The popular feature “The Most Unforgettable Character I’ve Met” has fascinated readers of the Reader’s Digest, including me in my youth. In later life as a newspaper reporter, I was treated to delightful encounters with some notable theater and music artists, all of them unforgettable. But the one I have to count among the most memorable showed up on a summer evening when I decided to take in a ball game at the old baseball stadium in Miami. I was 26 at the time.
The Miami Marlins in those days dwelt in the basement of the International League, a woeful team populated by a collection of inexperienced young players and over-the-hill veterans, with most of the latter group occupying the bullpen. The Marlins were losing as usual, and in the late innings as I had about decided to give up and go home, a lanky African American pitcher ambled his way to the mound in relief — none other than Leroy (Satchel) Paige.

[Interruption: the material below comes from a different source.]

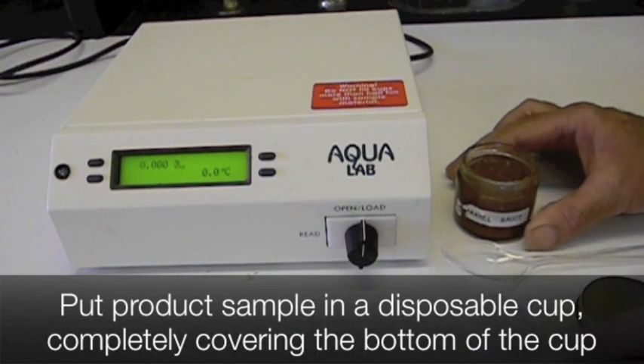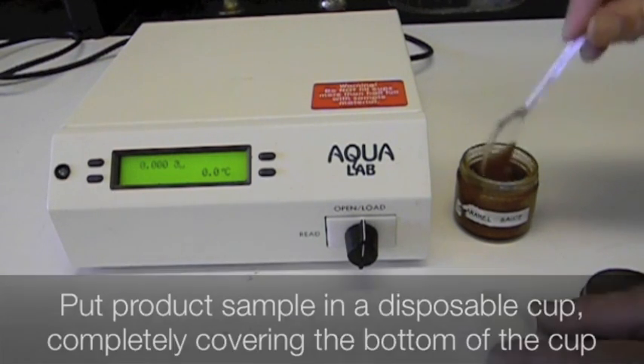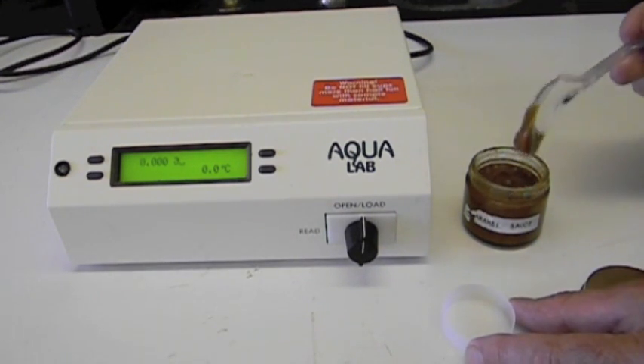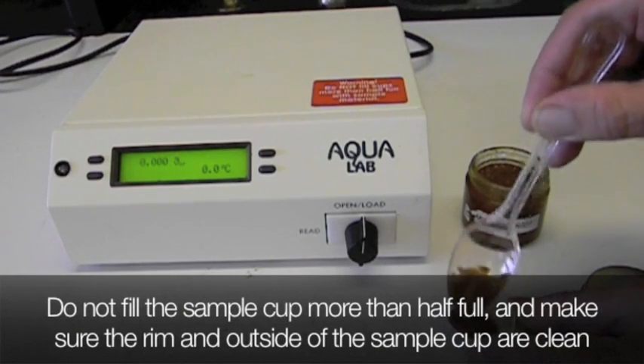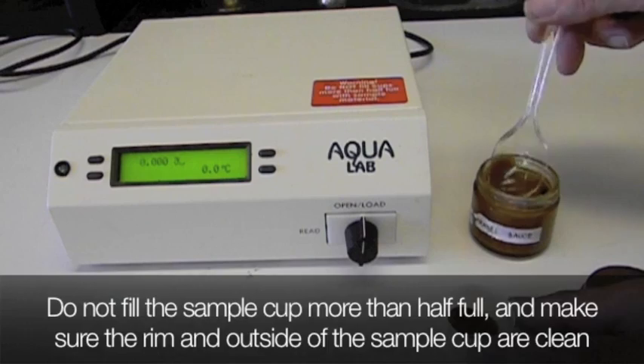Put the product sample in a disposable cup, completely covering the bottom of the cup. Do not fill the sample cup more than half full, and make sure the rim and outside of the sample cup are clean.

I inched forward in my seat, realizing that I was about to witness history. I was going to watch the great Satchel Paige pitch, and pitch he did, making the opposing batters look foolish with his amazing whip-like fastball. I can’t claim to have met this great pitcher personally, but on that night I got to watch him pitch, and I’ll never forget the experience.
Paige, born in 1906 in Mobile, Alabama, would have been in his 50s on this night I saw him in 1960. He started his professional career in the Negro leagues in the 1920s after being discharged from reform school in Alabama and quickly rose in popularity among fans in the Negro League, moving from team to team, until when Paige was 42, Bill Veeck offered him a contract to join the Cleveland Indians. This was in 1948, and the Indians were in a tight pennant race at the time. Paige won six games and lost one as he helped the Indians to an eventual World Series victory.
He bounced around the majors for several more years, including two All-Star appearances, then returned to the minors, where I was treated to his performance on the mound in Miami. One might think he was about done by then, but no. He returned to the majors, where he pitched three shutout innings in relief for the Athletics. He was 59.
Paige was elected to the Hall of Fame in 1971. He died in 1982.
Satchel Paige was a character and entertained fans as he dispensed folk wisdom with memorable quotes. One of my favorites attributed to him is, “Don’t look back; someone might be gaining on you.”
Why did I choose to write about Satchel Paige today? Funny how the mind works. I was washing dishes this morning, and as I scrubbed a frying pan, I suddenly recalled another of Paige’s famous quotes:
“Avoid fried foods which angry up the blood.” Good advice from an unforgettable character.